Ortada hepimizin vergilerinin çarçur edildiği bir rant sistemi var ama maalesef sağlık hizmeti yok. Çünkü projelerinin merkezinde insan, emek, liyakat, halkımızın sağlık hakkı yok, sadece para ve rant var. Oysa bizler merkezinde insanın, emeğin, liyakatin, halkımızın sağlık hakkının olduğu bir sağlık sisteminin mümkün olduğunu ve bunu kurmanın çok kolay olduğunu biliyoruz. Bizler, herkesin eşit, nitelikli, ücretsiz, erişilebilir, kamusal sağlık hizmeti almasını istiyoruz. Bunun için, tıp eğitiminin en iyi düzeyde olmasını istiyoruz. Sistemlerine ucuz iş gücü üretmek için, dört duvardan ibaret tıp fakültelerinin açılmasını istemiyoruz.

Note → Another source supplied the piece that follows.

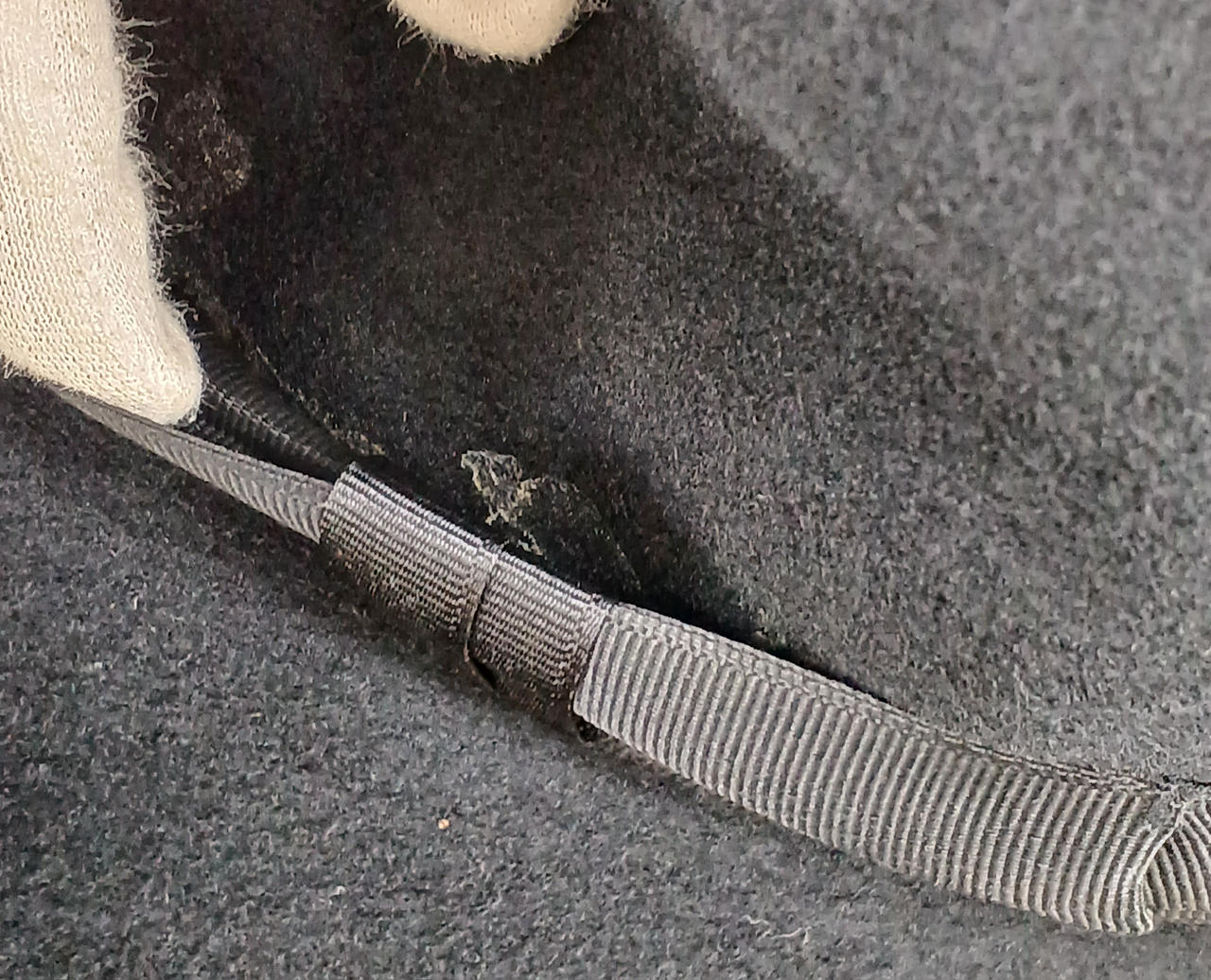 リボン部分剥がれあり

"6-10 Ocak 2025 tarihleri arasında bir kez daha iş bırakacağız"
Sağlık Bakanı`na bir kez daha sesleniyoruz; hatanızdan hemen geri dönün. Onurumuzla oynamayı bırakın. Aklımızla, emeğimizle dalga geçmekten, bizlerle alay etmekten vazgeçin. Meslek onurumuzu, mesleki saygınlığımızı ayaklar altına almanıza asla müsaade etmeyeceğiz. Sorunları biz yaşıyoruz, bize danışın. Sağlık ortamını sürekli karıştırmak yerine, asıl işinizi yapın. Bunları yapamıyorsanız acilen istifa edin. Uyarılarımızı dikkate almamaya devam ettiğiniz için aile sağlığı merkezlerinde 6-10 Ocak 2025 tarihleri arasında 5 gün süre ile bir kez daha iş bırakacağız. Bu kez ayrıca 8 Ocak 2025 Çarşamba günü özel sektörde veya kamuda, her nerede sağlık hizmeti veriyorsak orada acil sağlık hizmeti dışında hizmet vermeyeceğiz. Bu iş bırakmalarımızın tek sorumlusu bize başka çözüm yolu bırakmadığınız için sizsiniz.

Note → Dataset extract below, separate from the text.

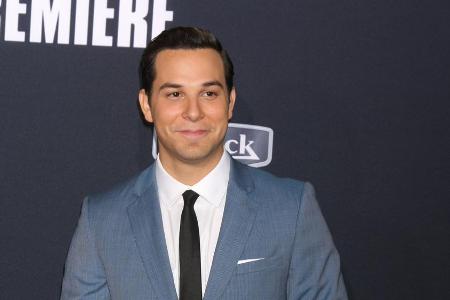 Skylar Astin spielte in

"Yerelde yöneticileriniz anayasal hakkımızı elimizden almaya çalışmasın"
Sayın Bakan, iş bırakma anayasal haktır. Yerelde yöneticilerinizi bu hakkımızı kullanmamızı engellemeye çalışmamaları konusunda uyarın. Sonuçta hakkımızı aradığımız için açılan soruşturmalara karşı dava açıyoruz ve tüm davaları da biz kazanıyoruz ve maalesef yöneticileriniz devleti mahkeme masrafları ile zarara uğratıyorlar. Halkın gece yatağa aç girdiği ülkemizde devletin bir kuruşunun dahi boşa savurulmaması gerektiğini hatırlatırız size! Son sözümüz sevgili halkımıza olsun. Bütün mücadelemiz sizlere iyi sağlık hizmeti vermek içindir. Bu kötü sağlık sistemine karşı birlikte mücadele edeceğiz ve mutlaka ve hep birlikte durduracağız."